● **Activity**
Copy out the data in full and exactly, passing over the pictures.

● **Information provided**

------------------------------------------------------------

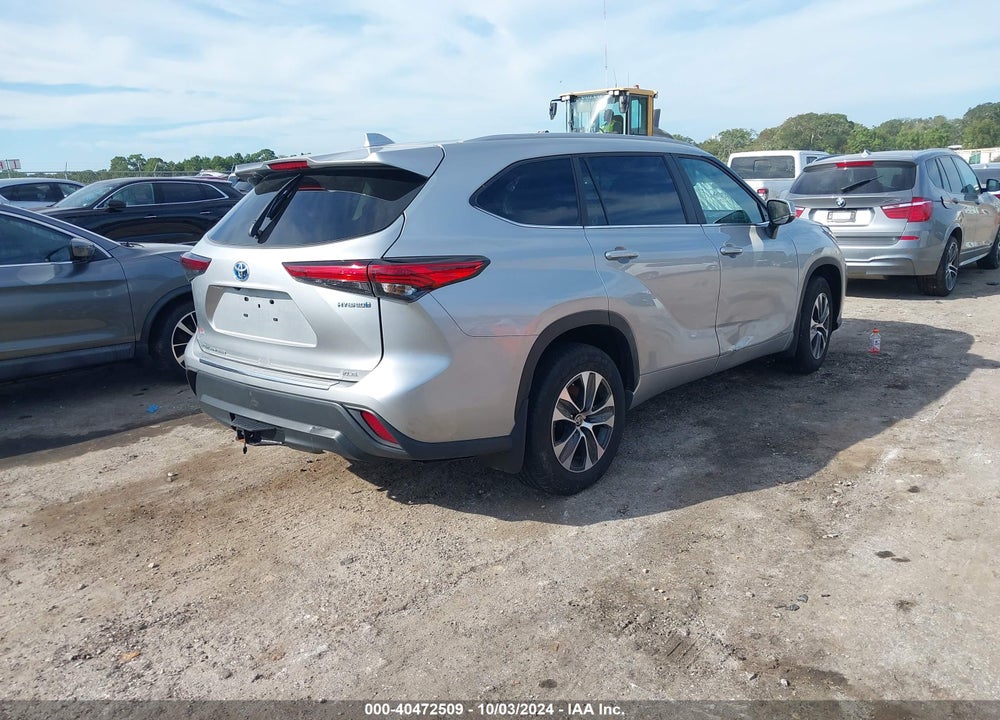 2023 TOYOTA HIGHLANDER HYBRID XLE VIN: 5TDKBRCH1PS585574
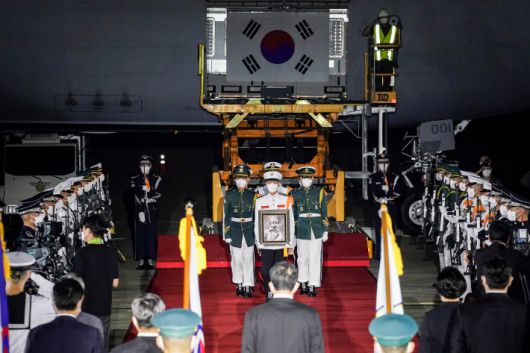 지난 15일 홍범도 장군 유해 봉환식. 청와대 제공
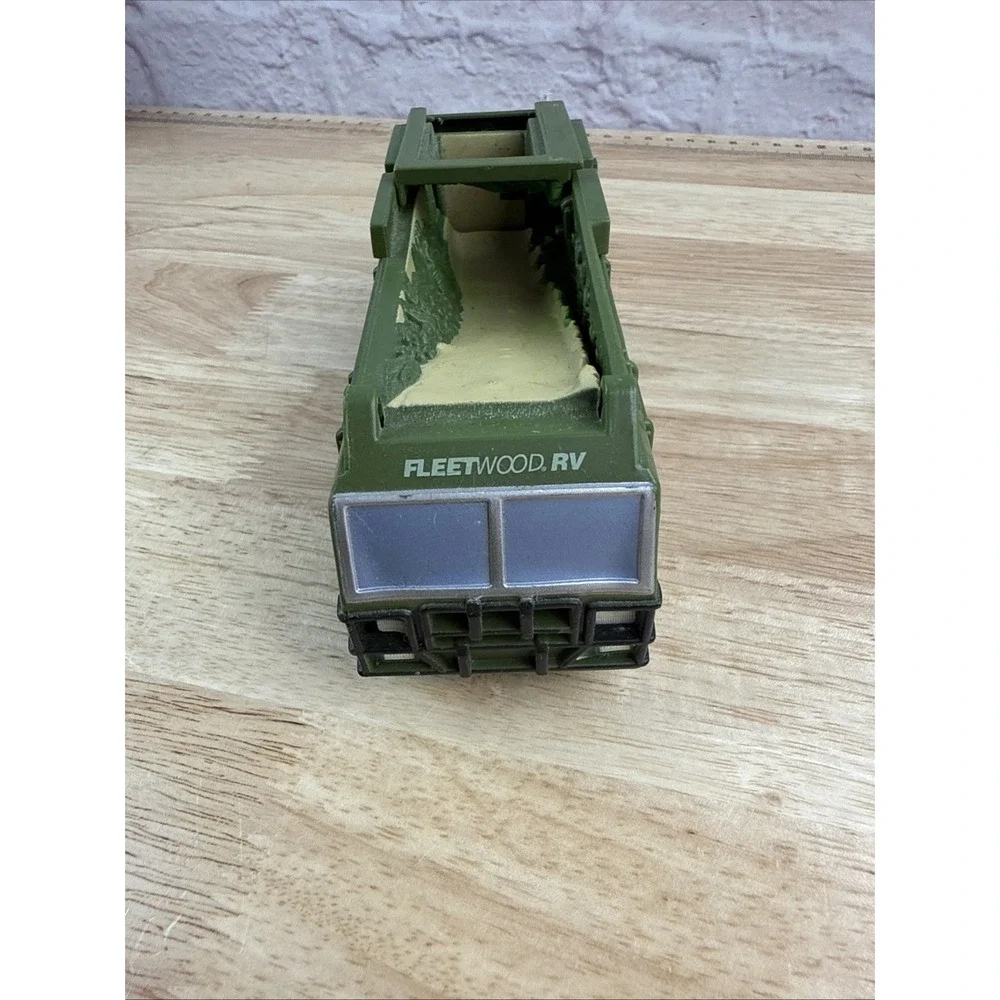 Vintage‎ Jurassic Park The Lost World 1997 Mobile Command Center/RV Micro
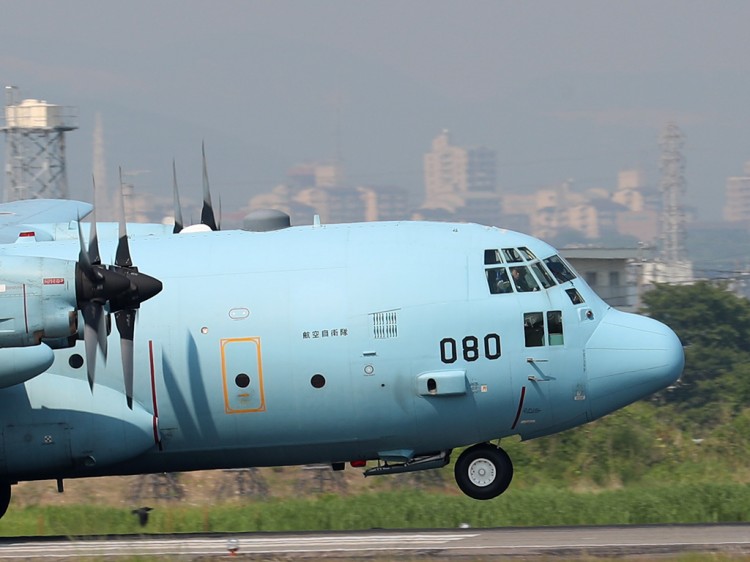 JSDF_C-130H_20160520-12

------------------------------------------------------------

● **Solution to this problem**
 2023 TOYOTA HIGHLANDER HYBRID XLE VIN: 5TDKBRCH1PS585574
 지난 15일 홍범도 장군 유해 봉환식. 청와대 제공
 Vintage‎ Jurassic Park The Lost World 1997 Mobile Command Center/RV Micro
 JSDF_C-130H_20160520-12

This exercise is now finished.